## [GOAL OF THE EXERCISE]
The data below contains pictures, which are to be skipped; the lines starting at the line with "Aztec/Geometric Cardigan - Picture 3 of 5" and ending at the line with "Helle & gut" are to be output exactly, both ends included.
[RECORDS SHOWN]
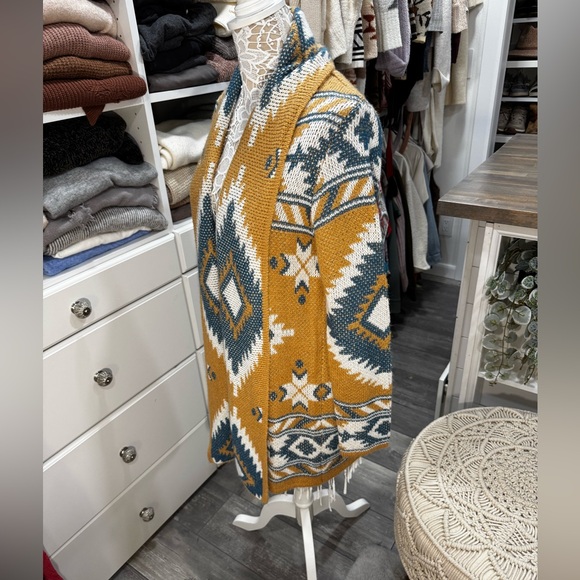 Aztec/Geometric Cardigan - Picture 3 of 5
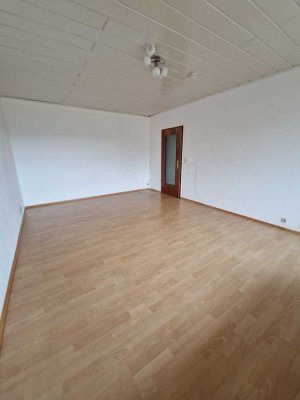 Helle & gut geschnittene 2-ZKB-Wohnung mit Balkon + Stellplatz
[/RECORDS SHOWN]
[RECORDS SHOWN]
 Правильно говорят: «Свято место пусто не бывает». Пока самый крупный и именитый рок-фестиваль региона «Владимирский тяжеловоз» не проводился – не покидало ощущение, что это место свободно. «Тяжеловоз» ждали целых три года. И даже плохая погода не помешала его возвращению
[/RECORDS SHOWN]
[RECORDS SHOWN]
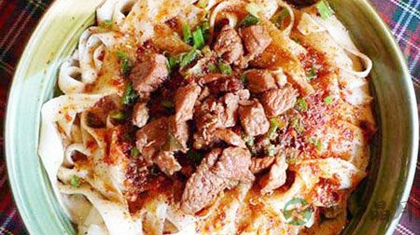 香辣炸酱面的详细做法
[/RECORDS SHOWN]
## [RESPONSE FOR THIS EXERCISE]
 Aztec/Geometric Cardigan - Picture 3 of 5
 Helle & gut geschnittene 2-ZKB-Wohnung mit Balkon + Stellplatz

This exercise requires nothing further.